If you’re wondering how road traffic’s gonna slow you today, don’t turn to Google Maps anymore—the site’s killed its estimates. Not because it wasn’t popular. It turns out those road calculations didn’t exactly correlate to, you know, reality.
The Atlantic describes the discovery of perturbed Maps users, who complained to Google when they noticed the change. Its answer?
[W]e have decided that our information systems behind this feature were not as good as they could be. Therefore, we have taken this offline and are currently working to come up with a better, more accurate solution. We are always working to bring you the best Google Maps experience with updates like these!”
Translation: traffic didn’t work. And as the Atlantic’s Nicholas Jackson asks, how could Google be sucking down so much locational data from Android drivers and be botching it to the point that they pulled it down entirely? [The Atlantic]”
A big defeat for the biggest information provider. But using in-vehicle GPS on mobile phones as a probe is coming, and will eventually get it right (approximately, if lagged). The problem of course is that traffic is dynamic, and even a 5 minute lag will be quite off if there is an incident or something non-steady state. However as a signal of whether things are normal, it probably works.
- Levinson, David (2002) The Economics of Traveler Information from Probes. Public Works Management and Policy 6(4) pp 241-250 (April)

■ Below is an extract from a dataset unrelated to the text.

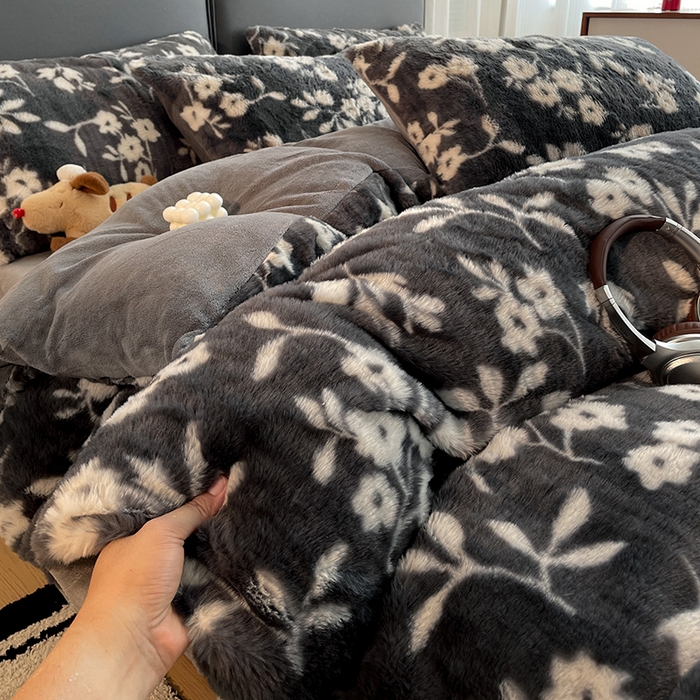 91家纺网 家纺一手货源 找家纺 金梦拉 2025直播爆款A类加厚兔绒印花系列四件套 花影灰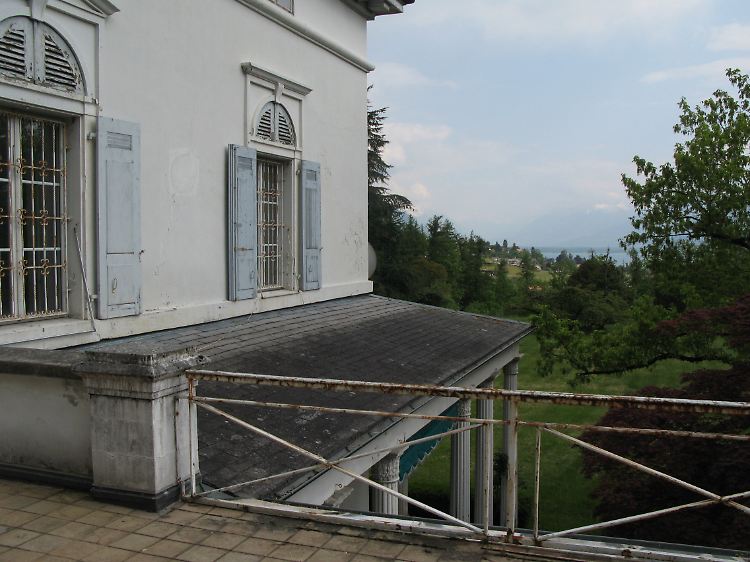 Die Terrasse vor Chaplins Schlafzimmer.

Information provision is probably best for what an individual will not know from routine behavior—random incidents and unfamiliar territory. The qualitative conclusion that incidents and the unexpected are where the greatest gains from traveler information are to be found reinforces the results from our simulations. Those models show that a low level of probes can provide useful information by rapidly detecting incidents, whereas a much greater number is needed to provide any gains from recurring congestion.
Tyler Cowan, an economist at George Mason, writes about driverless cars ..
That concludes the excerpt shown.